Isolated fractures of the greater trochanter with no or slight displacement

Isolated fractures of the greater trochanter without displacement or with slight displacement are treated conservatively.

Regardless of the method (coxite gypsum bandage indicated for young functional treatment in bed - for elderly victims) the injured limb should be abducted (to relax the gluteal muscles and restore the cervico-diaphyseal angle) and the real estate of the fragments at the fracture site should be provided.

In fractures with displacement of the greater trochanter or with the presence of diastasis between fragments, surgical treatment is indicated - an open comparison of fragments with osteosynthesis with screws.

In case of fragmentation fractures with displacement, the latter are repositioned and fixed transosseously with lavsan threads with additional suturing of adjacent soft tissues.

In cases where the fragments cannot be compared or they are too small, the latter are removed, and the gluteal muscles are sutured transosseously to the central fragment of the greater trochanter.

Fractures of the lesser trochanter

Fracture of the lesser trochanter is treated conservatively. The victim is laid on the bed, the injured limb is placed on the Beller splint.

The femur should be flexed at the hip joint to an angle of 110-100° and slightly rotated outward. Fracture union occurs in the fifth or sixth week.

Rehabilitation

With proper rehabilitation, the patient can avoid most of the possible complications.

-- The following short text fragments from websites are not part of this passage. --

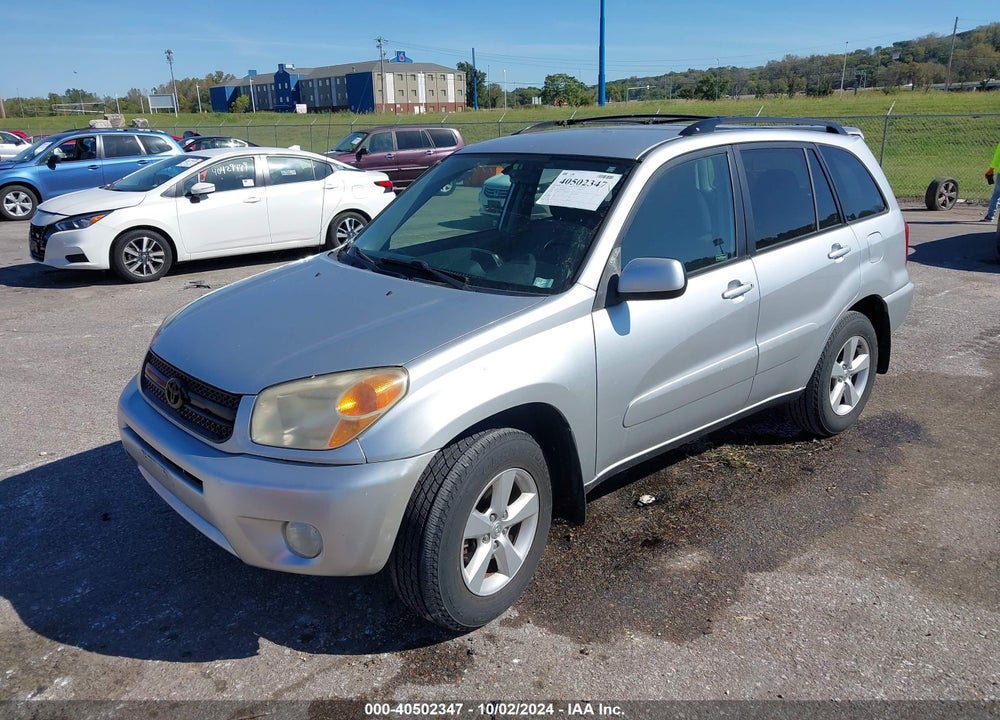 2004 TOYOTA RAV4 VIN: JTEGD20V540029005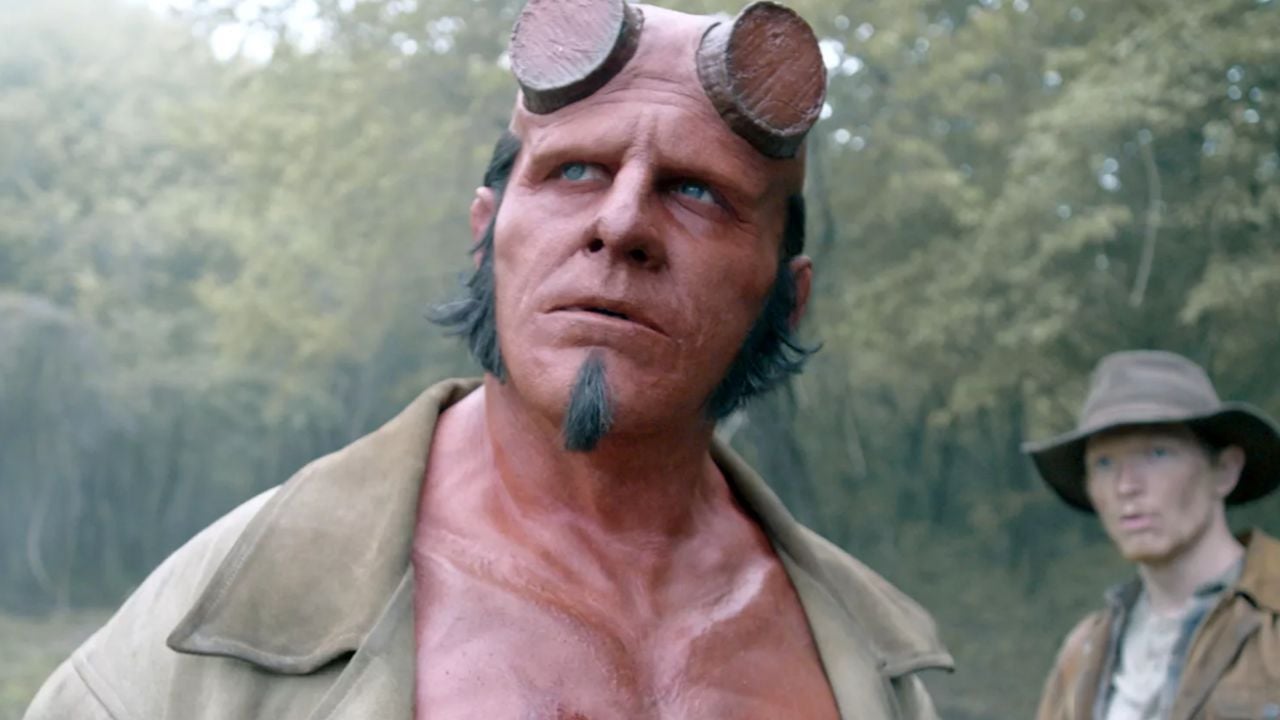 Hellboy está de volta! O primeiro trailer da nova fantasia mostra sucessor da estrela de Stranger Things em trama brutal – Notícias de cinema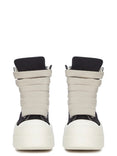 Mega Bumper Jumbolace Sneakers (Black/Milk/Milk)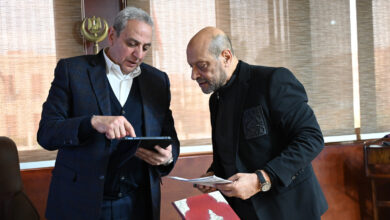 محافظ الغربية يلتقي عدد من أعضاء مجلس النواب لبحث مطالب المواطنين وحل مشاكلهم 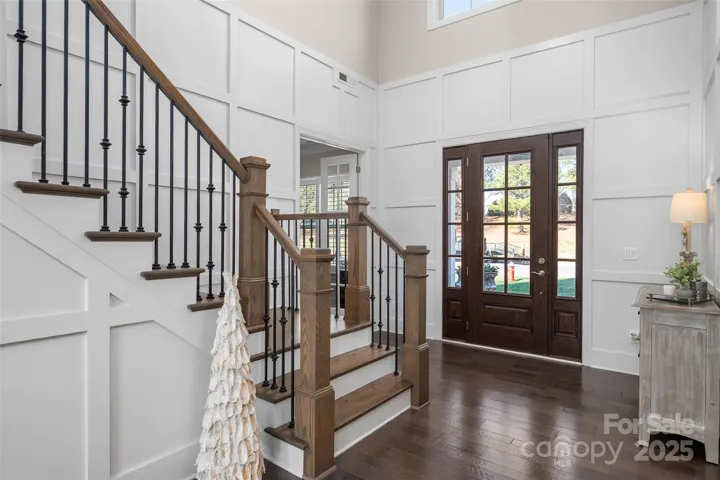 Amazing custom trim work throughout the home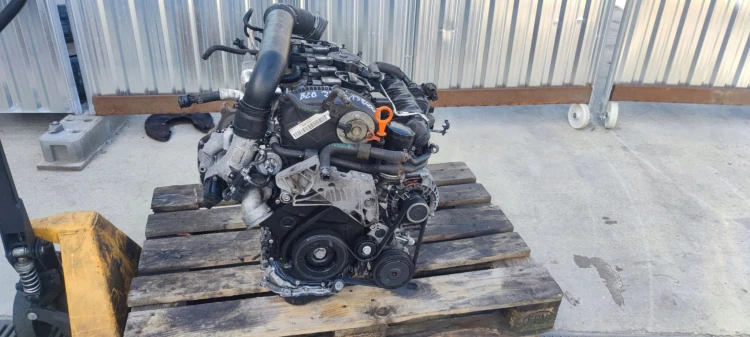 SILNIK KOMPLETNY AUDI VW SKODA SEAT 1.8 TFSI BZB 2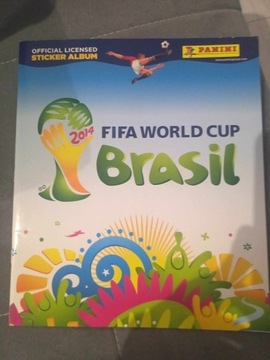 Album Panini Brasil 2014 Fifa 365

Recovery requires comprehensive measures.

Need to remember: the sooner the patient gets on his feet and begins to move independently, the higher the chances of recovery.

Rehabilitation measures should be started as early as possible, within a few days after the injury (in the case of conservative treatment) or surgery (in the case of surgery).

One of the most important components of rehabilitation is physiotherapy. Lack of mobility can be extremely dangerous, but exercise should not be overdone.

Loads should be carried out under the supervision of a doctor, and increase gradually. At the initial stage, all exercises are performed lying down.

To maintain normal blood circulation in the tissues during bed rest, the patient needs to learn how to perform simple exercises - contractions of the muscles of the press, back, hips and legs.

Joint work is also important for recovery. The patient performs flexion and extension of the fingers, turns and inclinations of the neck, arms, work with expanders and small dumbbells.

After removing immobilization, it is necessary to develop joints that have been immobile for a long time. The next stage - the patient tries to walk with the help of special walkers.

After two weeks, they can be replaced with a cane, then completely left aids. To speed up recovery, massage and physiotherapy are used.

Nutrition is also of great importance for a speedy recovery. During rehabilitation, the body needs calcium and collagen, which contribute to the healing of the fracture.

To maintain immunity and vitality you need to take vitamins. Very helpful dairy products, vegetables fruits.